Conoscerete che son stato vivo
da un’ombra che avrà la mia fronte.
Solo sulla mia fronte l’inquietudine presente
ch’è oggi in me, del dolore imprigionato.

Bianco il volto, senz’ardor lascivo,
privo del sonno che s’impiglia alla mente.
Ormai su me, silenzioso eternamente,
la rosa di carta e il verde di ulivo.

Qual sonno senza sogni angosciosi,
l’anima aperta a tremule carezze,
immobili le mani sopra il cuore.

Com’è lontana la voce dell’amore.
Con che gusto avvicino la bocca alle delizie
di tutti gli oceani sereni.

 

Poeti delle Antille (Guanda, 1963), trad. it.

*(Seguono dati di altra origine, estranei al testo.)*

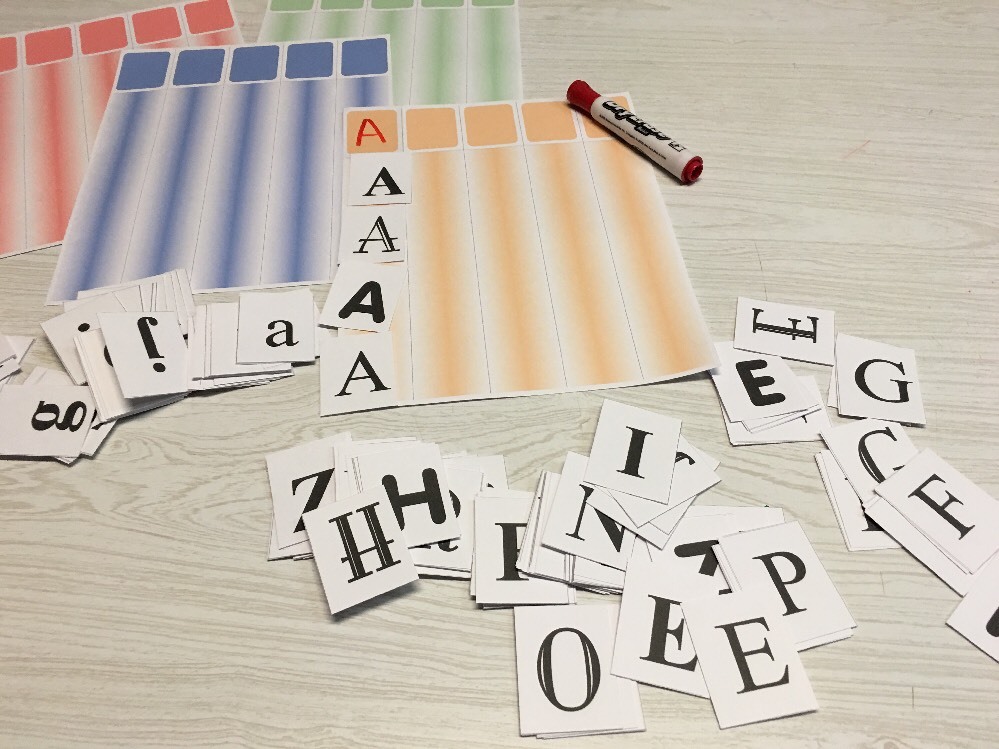 Upper & Lower Case Letter Sort – 4 Laminated Dry Erase Mats – 260 Letter Cards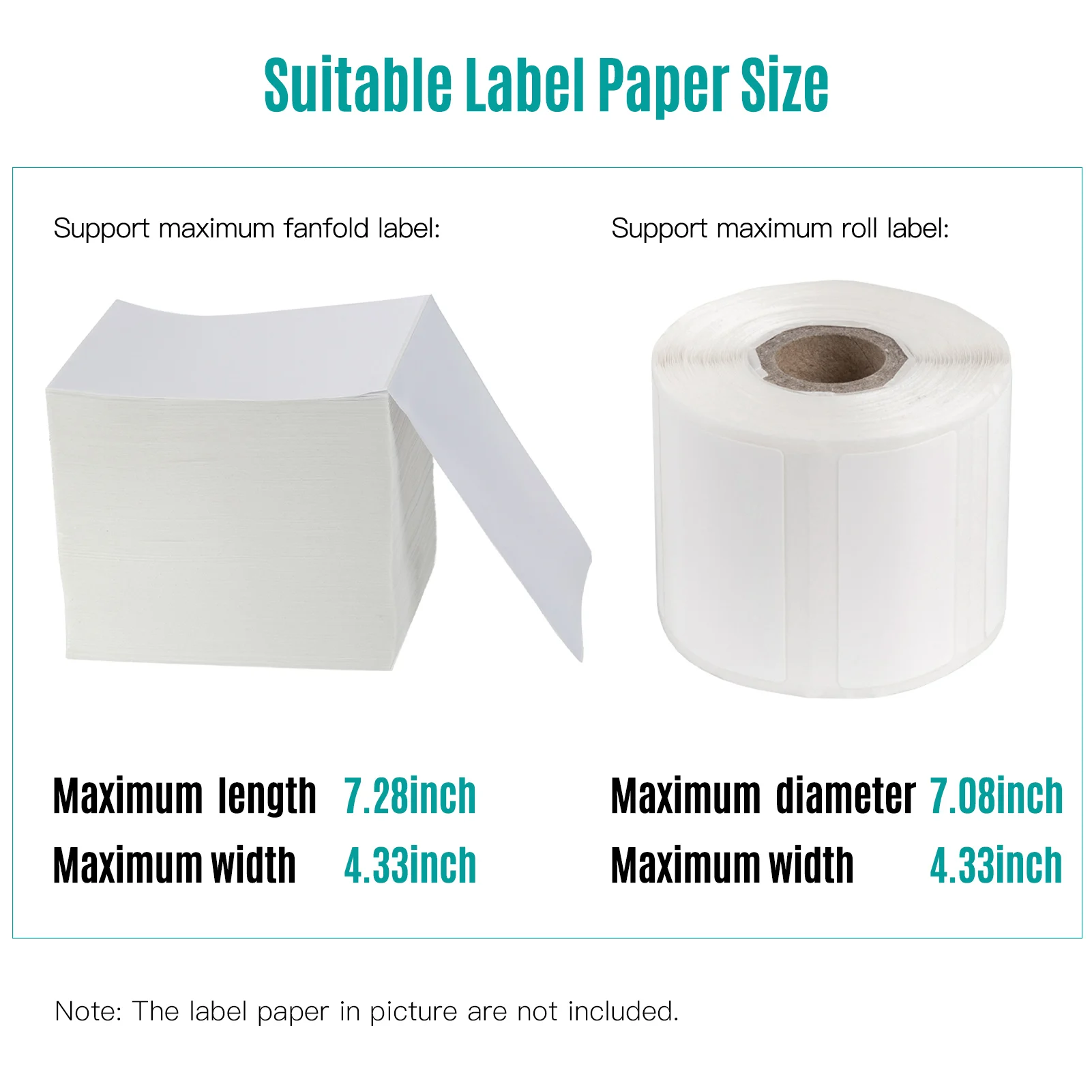 Label Holder for 4x6 Shipping Labels Printer Rolls and Fanfold Labels 2 in 1 Work for Desktop Themal Label Sticker Detachable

Giuseppe Bellini

Cintio Vitier

Cintio Vitier, 1987

 

Nominerò le cose

Nominerò le cose, le sonore alture
che vedono divertirsi il vento,
i porticati profondi, i paraventi
chiusi all’ombra e al silenzio.

E il sacro interno, la penombra
che solcano gli uffici polverosi,
il legno dell’uomo, il notturno
legno del mio corpo quando dorme.

La povertà del luogo, e la polvere
dove l’orme di mio padre fecero testamento,
luoghi di pietra limpida e decisa,
spogli di ombra, sempre uguali.

Senza scordare la pietà del fuoco
nell’intemperie della casa distante,
né il sacramento gaudioso della pioggia
nell’umile calice del parco.

Ne tu muro stupendo, mezzogiorno,
indaco e terso e interminabile.

Con l’immobile sguardo dell’estate
il mio affetto ricorderà i sentieri
per dove fuggono le avide domeniche
e i lunedì tornano a capo chino.

Nominerò le cose, tanto lentamente
che allorché perderò il Paradiso della strada
e l’oblio me la trasformerà in sogno,
potrò chiamarle d’improvviso con l’alba.